Et pourtant tous les jours au cabinet c’est ce que j’entends comme élément récurrent dans les situations de souffrance au travail.
Quelles pistes pour avancer ? Et si nous commencions par (r)établir au sein des entreprises un dialogue de fond, régulier, vivant et dynamique pour pouvoir délibérer collectivement sur ce qui fonde réellement la qualité du travail et sur les difficultés rencontrées afin de trouver ensemble des solutions issues du terrain, et non pas issues des technocrates avec une xième fiche process !
Il est essentiel de saisir que le travail réel ne peut pas se résumer à des procédures et modes opératoires, les ergonomes nous expliquent que le travail réel ne se passe jamais comme écrit dans les procédures. Pour que le travaille se fasse il faut que les opérationnels terrain s’approprie la procédure, l’ajuste, la remanie, l’enrichisse, ils y mettent quelque chose d’eux. Le travail réel n’est pas le travail prescrit! Le travail réel engage et mobilise l’intelligence de celui qui fait le travail. Il le met à l’épreuve, il le confronte à des difficultés inédites, il le stimule et le réjouit quand il permet de se dépasser. Le travail réel est par essence invisible, c’est de ce travail réel qu’il faut pouvoir délibérer en entreprise.
Soulignons à ce sujet le rôle essentiel des managers de proximité dans la délibération sur le travail et l’importance qu’ils puissent avoir des marges de manœuvre pour effectivement adapter les objectifs et les moyens de leur réalisation aux réalités des opérationnels. Délibérer sur le travail implique un management par le dialogue, qui laisse place aux controverses et aux désaccords, c’est le gage de la vitalité et de l’innovation au sein des entreprises. C’est également le gage de la santé et du bien-être au travail.
Débattre ne veut bien entendu pas dire que l’on sera d’accord sur tout, et effectivement le pouvoir de l’arbitrage et de la décision finale continuera de relever du dirigeant d’entreprise. Il est nécessaire qu’il y ait un pilote à bord! Mais se priver du débat c’est se priver de toute la richesse de ceux qui font, ceux qui ont l’expérience acquise en faisant le métier, c’est passé à côté de leurs retours d’expériences, et c’est les priver de la reconnaissance en les assignant à un simple rôle d’exécutant. Or la reconnaissance est également un facteur clé de la santé au travail et de la performance.
Je trouve cela navrant de recevoir au cabinet des professionnels engagés et consciencieux qui tombent malades d’être empêchés de faire un travail qu’ils estiment être de qualité, ou qui ont le sentiment de toujours devoir batailler contre leur organisation de travail pour faire correctement le boulot et qui essaient de tenir coûte que coûte pour essayer de donner encore du sens à ce qu’ils font. Cette force vive qui échappe aux entreprises est un véritable gâchis.
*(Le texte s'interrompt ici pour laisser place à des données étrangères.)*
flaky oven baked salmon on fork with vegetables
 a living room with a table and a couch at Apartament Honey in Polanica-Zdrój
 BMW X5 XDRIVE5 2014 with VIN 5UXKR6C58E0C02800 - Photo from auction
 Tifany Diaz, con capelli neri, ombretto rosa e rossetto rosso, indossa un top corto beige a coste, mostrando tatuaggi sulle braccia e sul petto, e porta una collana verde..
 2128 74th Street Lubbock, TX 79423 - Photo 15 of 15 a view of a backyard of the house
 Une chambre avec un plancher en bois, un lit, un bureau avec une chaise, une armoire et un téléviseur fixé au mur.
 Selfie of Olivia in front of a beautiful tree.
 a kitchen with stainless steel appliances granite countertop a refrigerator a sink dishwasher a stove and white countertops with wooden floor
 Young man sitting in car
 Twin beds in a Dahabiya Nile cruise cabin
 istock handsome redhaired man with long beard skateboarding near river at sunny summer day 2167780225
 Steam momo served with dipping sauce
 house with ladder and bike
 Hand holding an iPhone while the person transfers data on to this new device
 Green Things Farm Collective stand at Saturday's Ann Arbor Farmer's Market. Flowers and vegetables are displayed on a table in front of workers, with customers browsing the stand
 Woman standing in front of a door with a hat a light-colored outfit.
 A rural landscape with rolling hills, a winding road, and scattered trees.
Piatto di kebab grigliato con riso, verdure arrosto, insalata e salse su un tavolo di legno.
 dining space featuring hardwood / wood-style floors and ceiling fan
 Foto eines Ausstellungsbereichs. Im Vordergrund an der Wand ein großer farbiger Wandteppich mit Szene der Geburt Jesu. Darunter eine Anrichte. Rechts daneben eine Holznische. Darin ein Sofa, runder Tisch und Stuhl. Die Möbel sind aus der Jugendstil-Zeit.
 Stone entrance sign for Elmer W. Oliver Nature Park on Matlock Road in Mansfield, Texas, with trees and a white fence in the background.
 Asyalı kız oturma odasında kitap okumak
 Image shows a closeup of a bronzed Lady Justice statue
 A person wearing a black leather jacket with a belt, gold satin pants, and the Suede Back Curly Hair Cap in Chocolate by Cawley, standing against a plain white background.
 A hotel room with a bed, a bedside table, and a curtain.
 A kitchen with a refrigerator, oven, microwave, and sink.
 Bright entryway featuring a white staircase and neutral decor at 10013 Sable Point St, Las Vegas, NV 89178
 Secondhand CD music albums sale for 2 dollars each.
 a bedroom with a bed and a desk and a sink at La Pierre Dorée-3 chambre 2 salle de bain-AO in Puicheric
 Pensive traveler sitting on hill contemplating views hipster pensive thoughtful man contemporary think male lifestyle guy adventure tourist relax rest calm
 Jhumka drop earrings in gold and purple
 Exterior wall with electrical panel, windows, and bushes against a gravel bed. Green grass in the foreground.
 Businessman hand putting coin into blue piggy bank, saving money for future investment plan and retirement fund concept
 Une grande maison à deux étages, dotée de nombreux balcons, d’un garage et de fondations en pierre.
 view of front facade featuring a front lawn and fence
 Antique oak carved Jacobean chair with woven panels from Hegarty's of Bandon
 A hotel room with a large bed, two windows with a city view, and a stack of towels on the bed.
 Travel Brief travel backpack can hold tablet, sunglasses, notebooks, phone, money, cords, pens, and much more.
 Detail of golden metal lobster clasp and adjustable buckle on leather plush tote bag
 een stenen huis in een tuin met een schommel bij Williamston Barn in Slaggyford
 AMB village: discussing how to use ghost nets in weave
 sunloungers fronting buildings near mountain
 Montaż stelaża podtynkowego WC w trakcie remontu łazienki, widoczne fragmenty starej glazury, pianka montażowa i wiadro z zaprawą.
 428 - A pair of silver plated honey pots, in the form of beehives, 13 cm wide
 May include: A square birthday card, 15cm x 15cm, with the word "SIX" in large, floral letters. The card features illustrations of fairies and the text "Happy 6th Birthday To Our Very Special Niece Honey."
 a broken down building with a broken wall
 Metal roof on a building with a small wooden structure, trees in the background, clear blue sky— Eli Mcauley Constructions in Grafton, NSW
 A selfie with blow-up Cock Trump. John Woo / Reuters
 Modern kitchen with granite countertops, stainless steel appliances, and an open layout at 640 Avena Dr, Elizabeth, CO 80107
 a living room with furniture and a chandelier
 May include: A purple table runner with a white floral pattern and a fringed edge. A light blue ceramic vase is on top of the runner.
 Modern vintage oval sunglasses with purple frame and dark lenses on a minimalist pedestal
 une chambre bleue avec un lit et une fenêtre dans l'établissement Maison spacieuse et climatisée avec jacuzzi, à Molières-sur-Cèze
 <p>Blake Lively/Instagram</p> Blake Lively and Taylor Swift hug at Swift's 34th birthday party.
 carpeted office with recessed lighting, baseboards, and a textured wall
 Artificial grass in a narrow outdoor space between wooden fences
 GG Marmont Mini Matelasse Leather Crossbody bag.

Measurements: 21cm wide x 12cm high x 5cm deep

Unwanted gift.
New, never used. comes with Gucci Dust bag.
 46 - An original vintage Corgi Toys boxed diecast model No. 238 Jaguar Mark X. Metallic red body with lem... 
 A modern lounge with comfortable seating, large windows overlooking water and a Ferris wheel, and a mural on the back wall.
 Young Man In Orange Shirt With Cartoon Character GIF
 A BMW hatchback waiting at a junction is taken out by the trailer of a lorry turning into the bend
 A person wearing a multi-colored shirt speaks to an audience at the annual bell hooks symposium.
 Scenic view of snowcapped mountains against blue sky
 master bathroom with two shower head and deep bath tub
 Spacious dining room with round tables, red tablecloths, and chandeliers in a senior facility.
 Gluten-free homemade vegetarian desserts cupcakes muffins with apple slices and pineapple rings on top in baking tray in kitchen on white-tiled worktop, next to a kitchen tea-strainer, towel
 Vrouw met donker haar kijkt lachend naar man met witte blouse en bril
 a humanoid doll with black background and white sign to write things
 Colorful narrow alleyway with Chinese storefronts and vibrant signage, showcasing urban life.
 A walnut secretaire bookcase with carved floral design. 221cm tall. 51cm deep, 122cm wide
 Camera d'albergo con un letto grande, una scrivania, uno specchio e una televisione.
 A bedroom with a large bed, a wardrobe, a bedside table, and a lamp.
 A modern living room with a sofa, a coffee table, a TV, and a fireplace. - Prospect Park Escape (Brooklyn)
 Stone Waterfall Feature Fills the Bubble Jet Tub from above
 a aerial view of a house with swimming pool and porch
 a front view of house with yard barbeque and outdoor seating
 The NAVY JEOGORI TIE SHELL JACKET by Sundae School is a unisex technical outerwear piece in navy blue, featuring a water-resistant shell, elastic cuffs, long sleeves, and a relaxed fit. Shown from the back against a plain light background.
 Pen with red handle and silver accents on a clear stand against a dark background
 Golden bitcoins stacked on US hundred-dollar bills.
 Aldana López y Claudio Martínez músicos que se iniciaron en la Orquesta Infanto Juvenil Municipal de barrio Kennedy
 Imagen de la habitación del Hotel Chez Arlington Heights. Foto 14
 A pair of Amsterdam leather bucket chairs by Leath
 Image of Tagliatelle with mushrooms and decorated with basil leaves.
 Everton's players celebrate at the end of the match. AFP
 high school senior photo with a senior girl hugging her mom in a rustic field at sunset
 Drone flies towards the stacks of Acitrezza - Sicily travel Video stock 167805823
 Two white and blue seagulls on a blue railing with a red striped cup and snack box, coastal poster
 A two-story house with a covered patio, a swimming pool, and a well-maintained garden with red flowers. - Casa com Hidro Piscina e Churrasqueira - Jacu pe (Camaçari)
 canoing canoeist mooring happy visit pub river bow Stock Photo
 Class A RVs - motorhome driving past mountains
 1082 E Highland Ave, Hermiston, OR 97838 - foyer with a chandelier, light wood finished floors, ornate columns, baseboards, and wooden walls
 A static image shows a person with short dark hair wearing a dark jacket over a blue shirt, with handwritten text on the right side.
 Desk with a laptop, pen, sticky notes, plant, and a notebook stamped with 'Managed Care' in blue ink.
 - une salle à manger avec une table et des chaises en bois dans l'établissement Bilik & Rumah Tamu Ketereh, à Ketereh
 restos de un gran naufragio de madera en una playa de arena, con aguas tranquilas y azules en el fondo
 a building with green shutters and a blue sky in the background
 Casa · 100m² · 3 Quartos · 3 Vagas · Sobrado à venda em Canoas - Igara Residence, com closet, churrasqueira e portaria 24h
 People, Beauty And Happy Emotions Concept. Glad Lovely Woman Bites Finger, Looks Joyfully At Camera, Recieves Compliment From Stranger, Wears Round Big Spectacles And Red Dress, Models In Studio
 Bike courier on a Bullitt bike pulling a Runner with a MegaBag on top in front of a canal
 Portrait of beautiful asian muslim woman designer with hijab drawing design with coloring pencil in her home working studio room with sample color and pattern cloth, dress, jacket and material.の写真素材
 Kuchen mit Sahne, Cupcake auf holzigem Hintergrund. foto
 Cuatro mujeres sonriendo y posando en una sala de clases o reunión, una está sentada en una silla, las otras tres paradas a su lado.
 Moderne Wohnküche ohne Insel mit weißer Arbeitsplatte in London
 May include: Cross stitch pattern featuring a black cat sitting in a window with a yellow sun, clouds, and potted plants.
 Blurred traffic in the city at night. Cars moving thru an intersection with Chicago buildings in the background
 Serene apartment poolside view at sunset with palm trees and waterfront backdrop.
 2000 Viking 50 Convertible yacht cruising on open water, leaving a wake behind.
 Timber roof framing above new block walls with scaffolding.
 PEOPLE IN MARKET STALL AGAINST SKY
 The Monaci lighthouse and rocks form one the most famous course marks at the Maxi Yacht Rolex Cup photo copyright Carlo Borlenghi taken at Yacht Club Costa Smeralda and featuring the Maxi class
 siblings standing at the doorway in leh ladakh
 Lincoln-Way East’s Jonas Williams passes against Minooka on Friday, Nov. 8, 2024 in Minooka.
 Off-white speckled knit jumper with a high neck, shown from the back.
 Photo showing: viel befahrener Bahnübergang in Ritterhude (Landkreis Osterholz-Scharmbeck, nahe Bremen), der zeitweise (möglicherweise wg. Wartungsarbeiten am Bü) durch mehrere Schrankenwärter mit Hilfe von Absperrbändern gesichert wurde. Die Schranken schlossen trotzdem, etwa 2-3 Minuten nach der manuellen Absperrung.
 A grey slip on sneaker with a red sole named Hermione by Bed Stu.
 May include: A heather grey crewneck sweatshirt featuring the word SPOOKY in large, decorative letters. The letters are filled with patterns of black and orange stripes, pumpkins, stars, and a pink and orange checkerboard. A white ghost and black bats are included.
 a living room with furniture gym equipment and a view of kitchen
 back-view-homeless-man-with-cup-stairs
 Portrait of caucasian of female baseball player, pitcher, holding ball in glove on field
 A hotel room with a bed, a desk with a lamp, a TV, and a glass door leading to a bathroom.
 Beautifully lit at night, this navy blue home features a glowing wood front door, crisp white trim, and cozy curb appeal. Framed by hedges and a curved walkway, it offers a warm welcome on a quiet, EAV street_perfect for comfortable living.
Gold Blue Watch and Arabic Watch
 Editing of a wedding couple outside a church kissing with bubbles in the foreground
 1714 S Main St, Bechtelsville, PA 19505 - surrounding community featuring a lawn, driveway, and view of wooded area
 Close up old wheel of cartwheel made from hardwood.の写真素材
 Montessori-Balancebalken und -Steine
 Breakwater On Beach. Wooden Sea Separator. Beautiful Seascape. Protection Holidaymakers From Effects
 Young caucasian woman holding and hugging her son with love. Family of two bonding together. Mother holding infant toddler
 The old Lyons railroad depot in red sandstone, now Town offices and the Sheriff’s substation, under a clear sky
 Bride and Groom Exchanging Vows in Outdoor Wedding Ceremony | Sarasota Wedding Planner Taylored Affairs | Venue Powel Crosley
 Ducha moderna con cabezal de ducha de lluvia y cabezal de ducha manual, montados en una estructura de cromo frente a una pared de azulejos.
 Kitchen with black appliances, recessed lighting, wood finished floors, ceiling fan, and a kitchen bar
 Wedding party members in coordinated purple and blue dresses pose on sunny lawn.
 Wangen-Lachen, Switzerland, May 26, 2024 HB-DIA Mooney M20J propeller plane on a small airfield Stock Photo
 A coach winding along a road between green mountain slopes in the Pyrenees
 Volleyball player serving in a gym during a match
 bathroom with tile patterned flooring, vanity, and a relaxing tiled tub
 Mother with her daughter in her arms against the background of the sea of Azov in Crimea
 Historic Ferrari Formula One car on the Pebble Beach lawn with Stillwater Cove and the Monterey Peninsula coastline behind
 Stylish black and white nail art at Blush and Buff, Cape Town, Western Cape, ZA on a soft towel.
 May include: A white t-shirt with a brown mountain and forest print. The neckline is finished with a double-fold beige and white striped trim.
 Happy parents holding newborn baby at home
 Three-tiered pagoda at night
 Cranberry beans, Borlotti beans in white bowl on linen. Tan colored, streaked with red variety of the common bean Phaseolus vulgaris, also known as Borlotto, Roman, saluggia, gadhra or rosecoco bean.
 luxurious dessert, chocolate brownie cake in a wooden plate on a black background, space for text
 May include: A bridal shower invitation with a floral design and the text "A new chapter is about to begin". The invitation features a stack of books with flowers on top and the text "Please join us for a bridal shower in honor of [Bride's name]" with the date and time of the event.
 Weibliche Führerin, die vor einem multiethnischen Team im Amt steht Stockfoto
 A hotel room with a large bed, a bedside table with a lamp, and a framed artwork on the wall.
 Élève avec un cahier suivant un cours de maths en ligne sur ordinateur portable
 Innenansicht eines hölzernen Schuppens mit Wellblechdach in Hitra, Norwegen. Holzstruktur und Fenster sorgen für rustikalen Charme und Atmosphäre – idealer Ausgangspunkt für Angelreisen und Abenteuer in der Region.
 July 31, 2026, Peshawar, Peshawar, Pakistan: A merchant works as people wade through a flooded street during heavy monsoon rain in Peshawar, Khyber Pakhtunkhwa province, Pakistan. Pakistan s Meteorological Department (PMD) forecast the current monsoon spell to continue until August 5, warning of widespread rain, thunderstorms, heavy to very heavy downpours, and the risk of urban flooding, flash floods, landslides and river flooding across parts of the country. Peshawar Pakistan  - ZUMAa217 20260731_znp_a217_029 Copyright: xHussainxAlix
Débattre en entreprise s’apprend, cela ne va pas nécessairement de soi, ni pour les équipes opérationnels, ni pour les managers de proximité, ni pour les cadres dirigeants. Au besoin faites vous accompagner sur ce sujet par des experts extérieurs à l’entreprise, le psychologue du travail peut-être un partenaire de votre performance et un allié du changement.